A technique called LIME - Local Interpretable Model-Agnostic Explanations helps assess the contribution of individual predictors to the NN. Specifically, it answers the question: 'do I trust that a certain prediction from the model is correct?' This might be something you're interested in.

Disclosure: I initially saw and answered the copy of this question on the Data Science site. Below is a copy of my answer on DS site.

Is there a way to quantify the likelihood in ANN similar to logistic regression wherein regression coefficients give the change in the log odds of the outcome for a one unit increase in the predictor variable?

Good question.

Yes, there is a way. The approach that can help you is called partial dependence plot (PDP), see the links below for further details and examples.

The approach is model agnostic, i.e. works well for any predictive model, powerful yet simple.

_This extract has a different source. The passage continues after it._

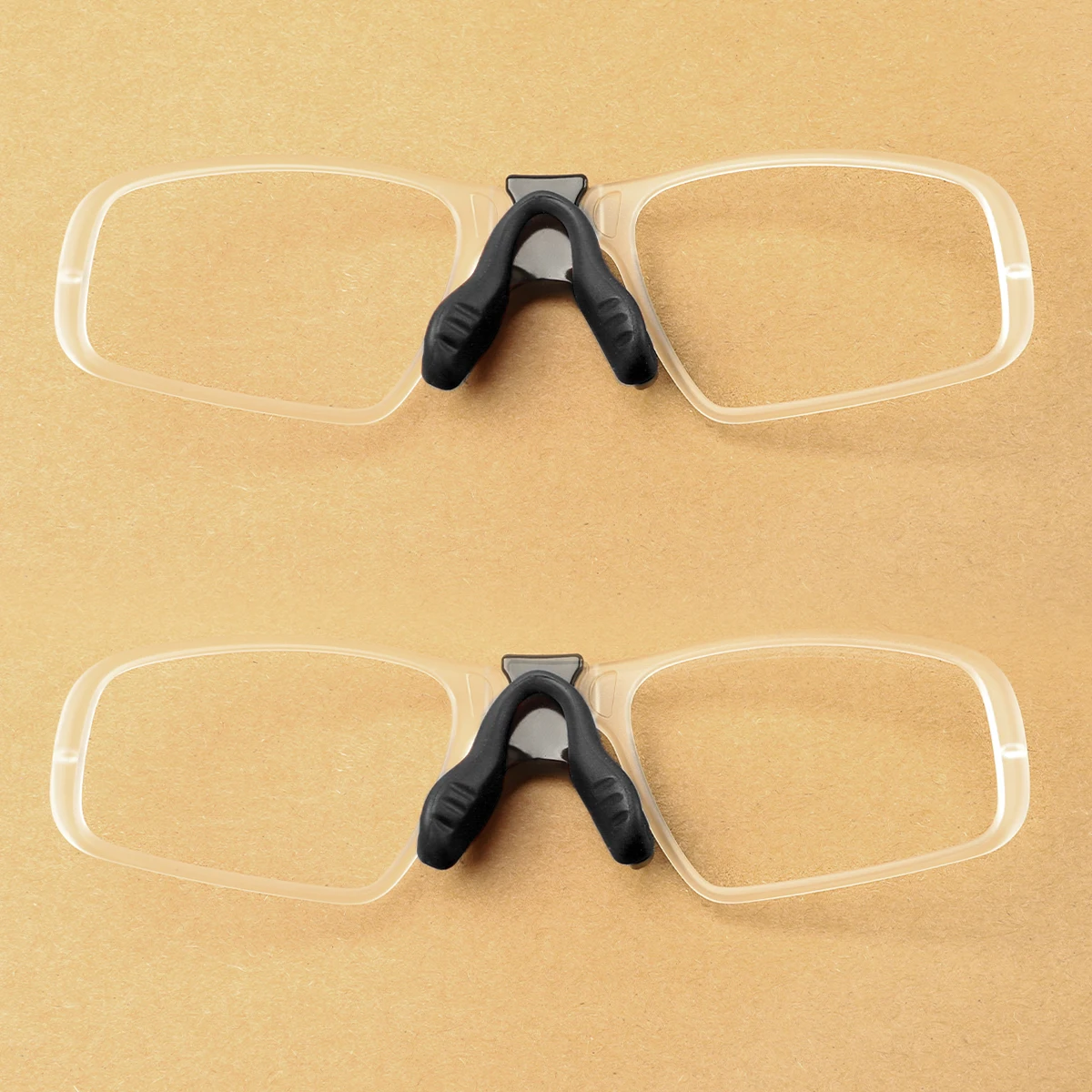 Rx Insert Clip-On Lens Carrier With Nose Base Nose Pad for Oakley EVZero Ascend OO9453 EVZero Ascend Asian Fit Sunglass Frame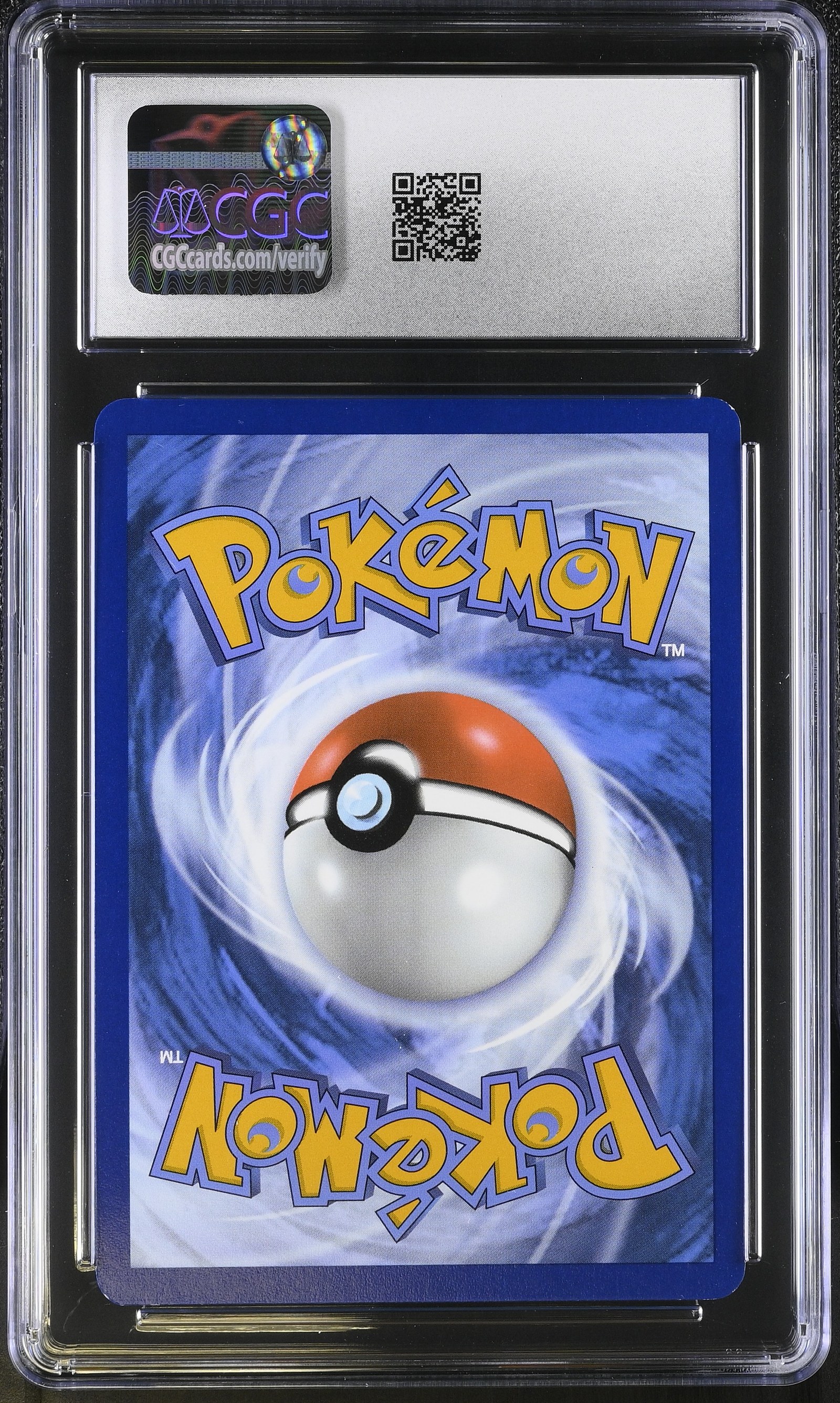 Kangaskhan #204/182 Destined Rivals CGC Mint 9 Pokemon Graded Slab — back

The main steps for one-dimensional partial dependence plot are as follows

1. Fit your model as usual
2. Select the predictor of interest and a set of values to be investigated (e.g. income as in the article you refer to and values of say 50k, 70k, 80k, ..., 120k)
3. For all observations in your dataset replace the values of your predictor with the first value from the set above (50k).
4. Calculate the model output for the modified dataset from the previous step and calculate the average over all observations.
5. Repeat steps 3-4 for the remaining values (70k, 80k, ...) and plot the values of your predictor along X axis and the corresponding averaged model predictions along Y axis.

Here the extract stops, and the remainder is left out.